=== Begin Enclosure ===
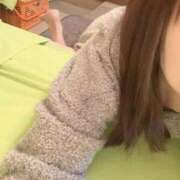 ヒメ日記 2025/01/04 20:16 投稿 七海 ZERO-i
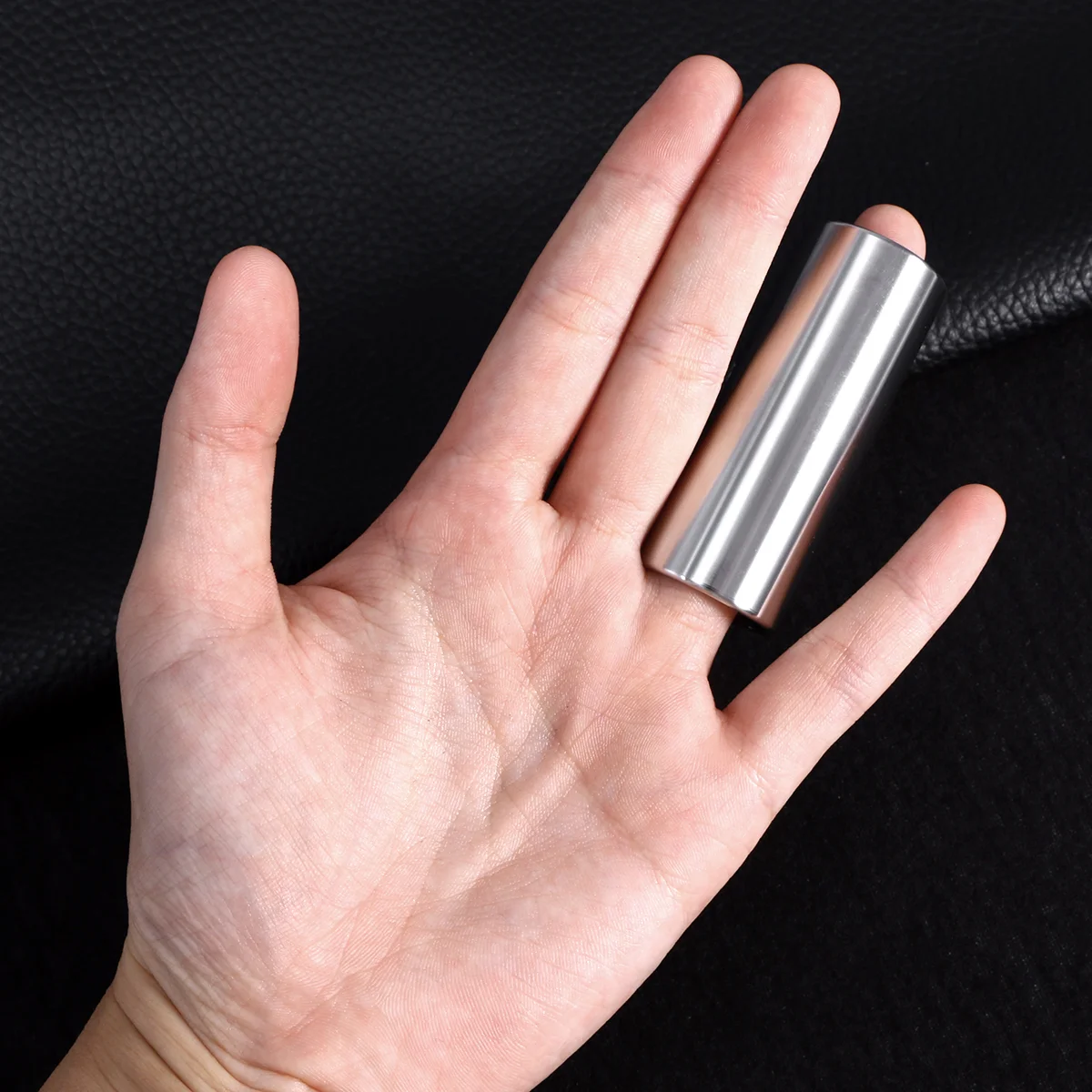 4 шт. стеклянные горки для гитары стандартные аксессуары средний низ из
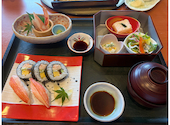 かに料理 宇都宮甲羅本店: さよなら天さんさんの2026年08月21日の1枚目の投稿写真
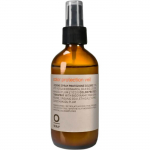 OWAY v&auml;rvikaitse loor 160ml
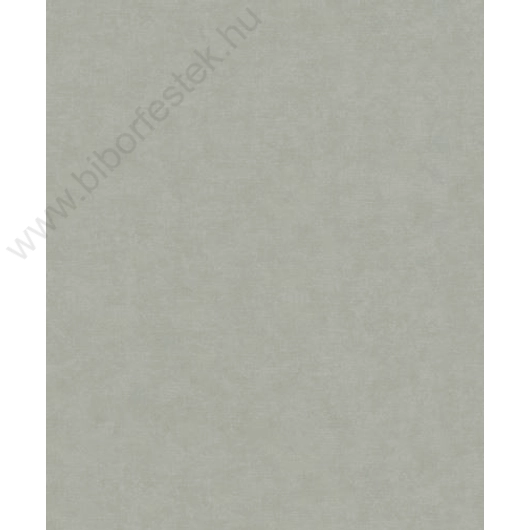 Egyszínű Bézs színű vlies tapéta Coloretto/Marburg 32417
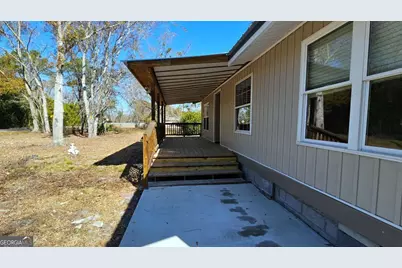 858 Augusta Road #NA, Valdosta, GA 31602 - Photo 4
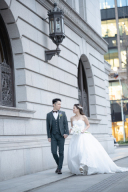 おふたりの時間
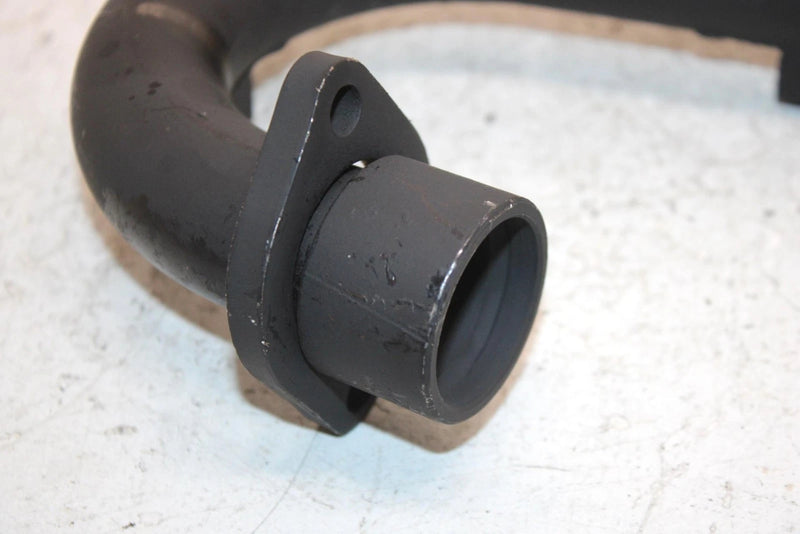 1997 Honda Trx400 Fw Oem Exhaust Header 18320-HM7-000 AH42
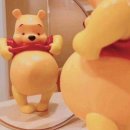 제일슈퍼 이미지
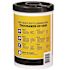 Tub O' Towels Citrus Scent Heavy-Duty Cleaning Wipes (90-Count)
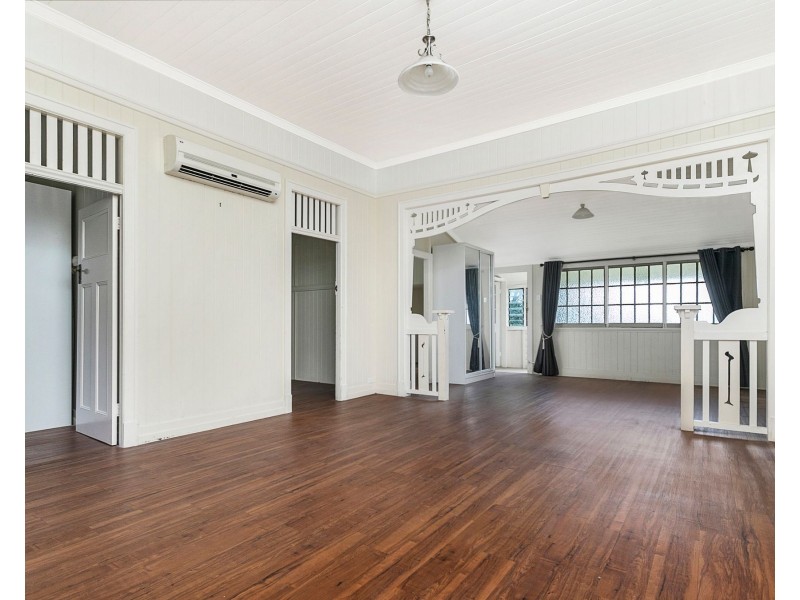 45 Brisbane Street, Bulimba QLD 4171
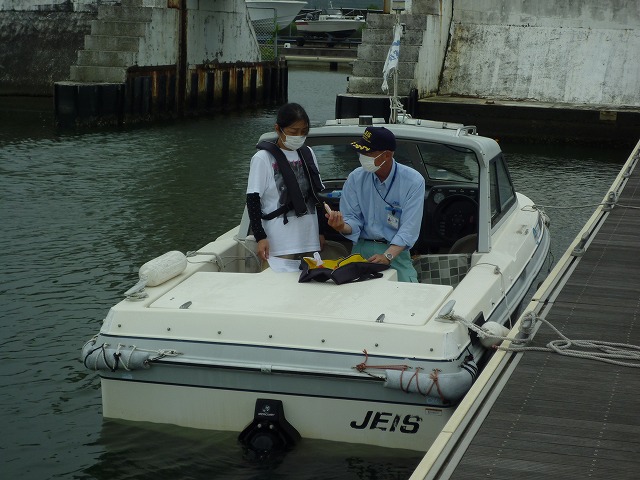 https://www.suzukimarine.co.jp/license/blog/img/P1060831.jpg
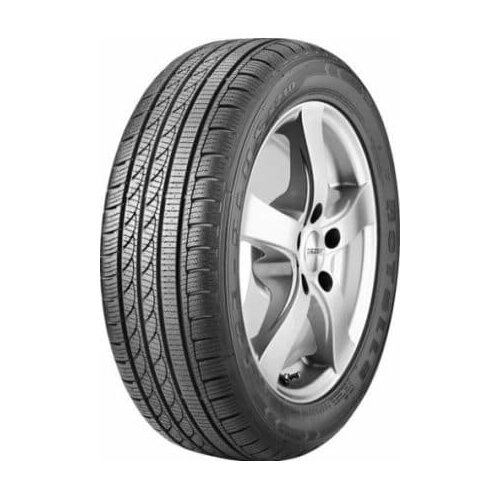  Guma G245/45R18 100V XL S210 ROTALLA M+S Cijene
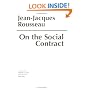On the Social Contract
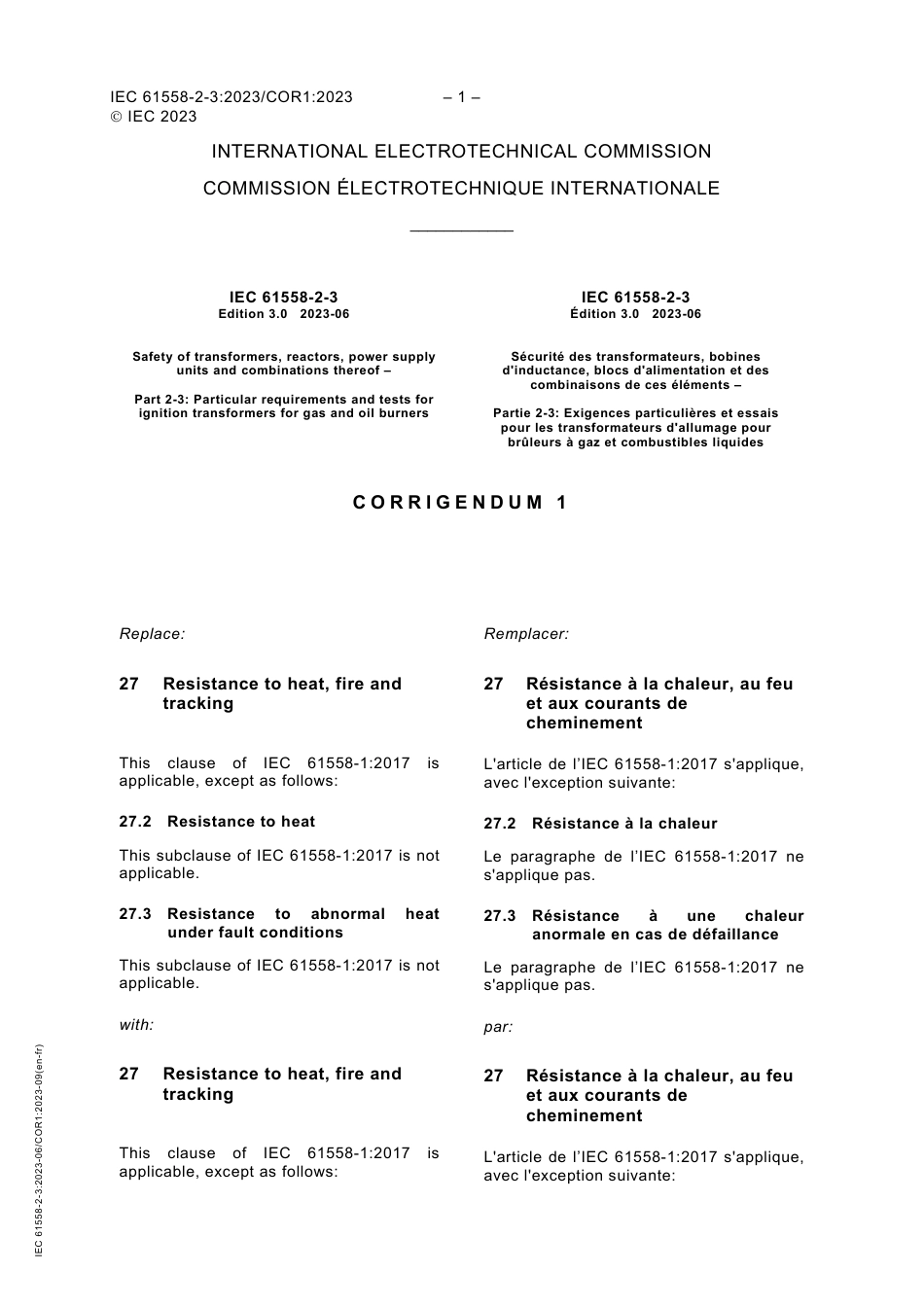 IEC 61558-2-3-2023 cor1-2023.pdf_第1页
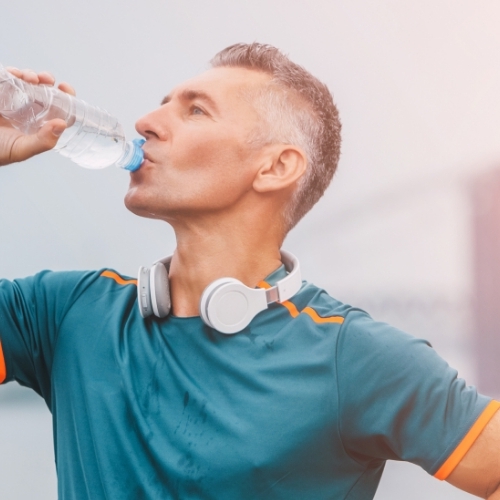 neck-pain-and-headache-relief-Rising-Sun-Physical-Therapy-San-Francisco-CA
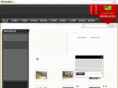 chongqingstone.net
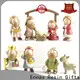 Ennas eco-friendly christian gifts promotional 1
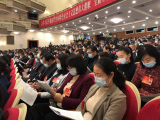 直通安徽省两会|去年安徽审结醉酒驾驶、高空抛物等危害公共安全犯罪案件超1.5万件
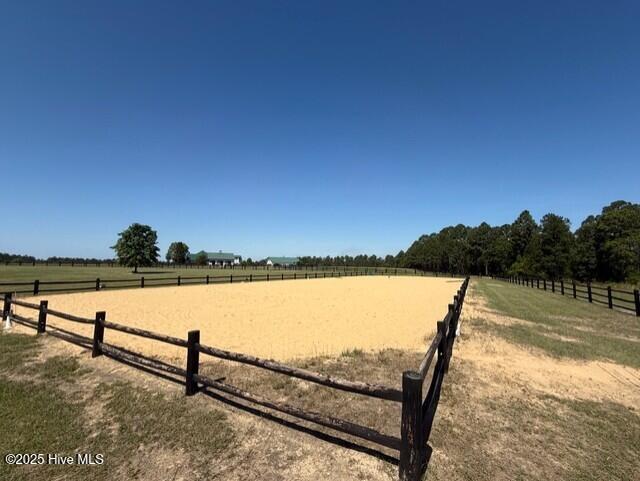 549 Grande Pines Vista Property Photo 92
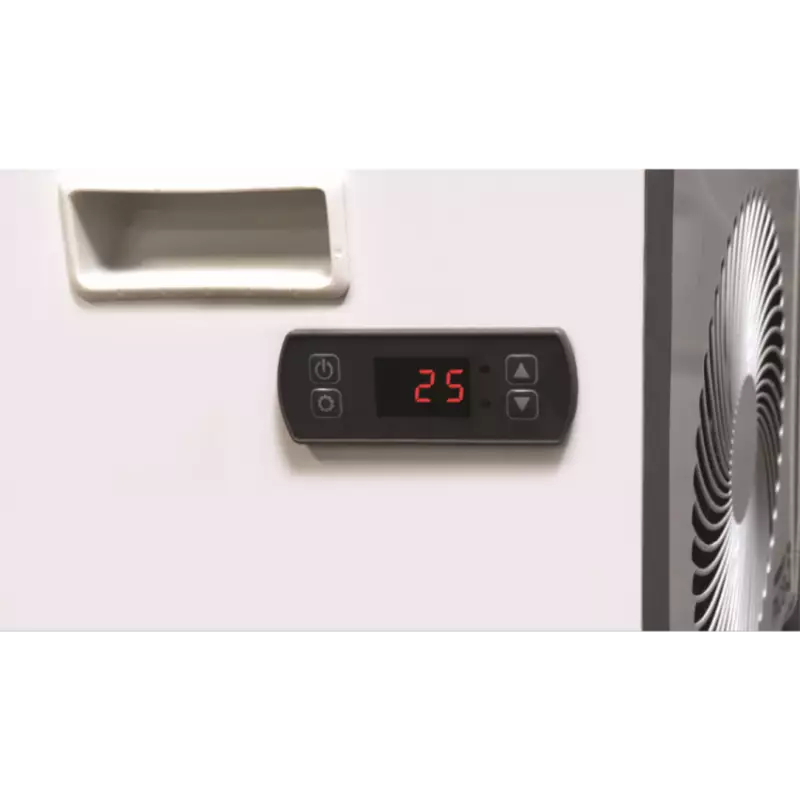 Accessoires PAC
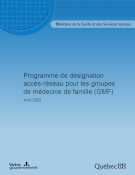 Image de la couverture du document.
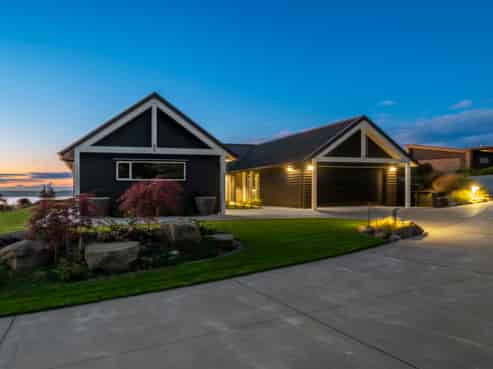 8 Jojos Way, Lynmore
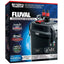 Fluval 307 External Filter 015561104463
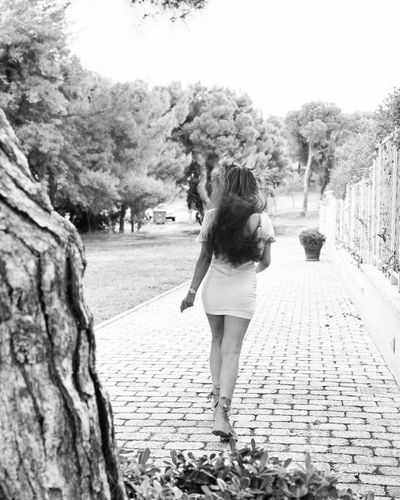 Demet Özdemir seksi ifşa fotoğrafı 410
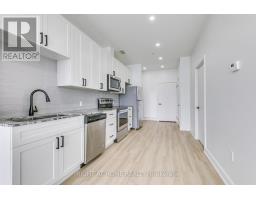 1102 - 100 Garment Street, Kitchener, ON N2G0E2 Photo 11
=== End Enclosure ===
# [WHAT YOU WILL DO]
Leave out the images and copy every record above exactly.

# [RESULT OF THIS TASK]
 ヒメ日記 2025/01/04 20:16 投稿 七海 ZERO-i
 4 шт. стеклянные горки для гитары стандартные аксессуары средний низ из
 かに料理 宇都宮甲羅本店: さよなら天さんさんの2026年08月21日の1枚目の投稿写真
 OWAY v&auml;rvikaitse loor 160ml
 Egyszínű Bézs színű vlies tapéta Coloretto/Marburg 32417
 858 Augusta Road #NA, Valdosta, GA 31602 - Photo 4
 おふたりの時間
 1997 Honda Trx400 Fw Oem Exhaust Header 18320-HM7-000 AH42
 제일슈퍼 이미지
 Tub O' Towels Citrus Scent Heavy-Duty Cleaning Wipes (90-Count)
 45 Brisbane Street, Bulimba QLD 4171
 https://www.suzukimarine.co.jp/license/blog/img/P1060831.jpg
  Guma G245/45R18 100V XL S210 ROTALLA M+S Cijene
On the Social Contract
 IEC 61558-2-3-2023 cor1-2023.pdf_第1页
 neck-pain-and-headache-relief-Rising-Sun-Physical-Therapy-San-Francisco-CA
 chongqingstone.net
 Ennas eco-friendly christian gifts promotional 1
 直通安徽省两会|去年安徽审结醉酒驾驶、高空抛物等危害公共安全犯罪案件超1.5万件
 549 Grande Pines Vista Property Photo 92
 Accessoires PAC
 Image de la couverture du document.
 8 Jojos Way, Lynmore
 Fluval 307 External Filter 015561104463
 Demet Özdemir seksi ifşa fotoğrafı 410
 1102 - 100 Garment Street, Kitchener, ON N2G0E2 Photo 11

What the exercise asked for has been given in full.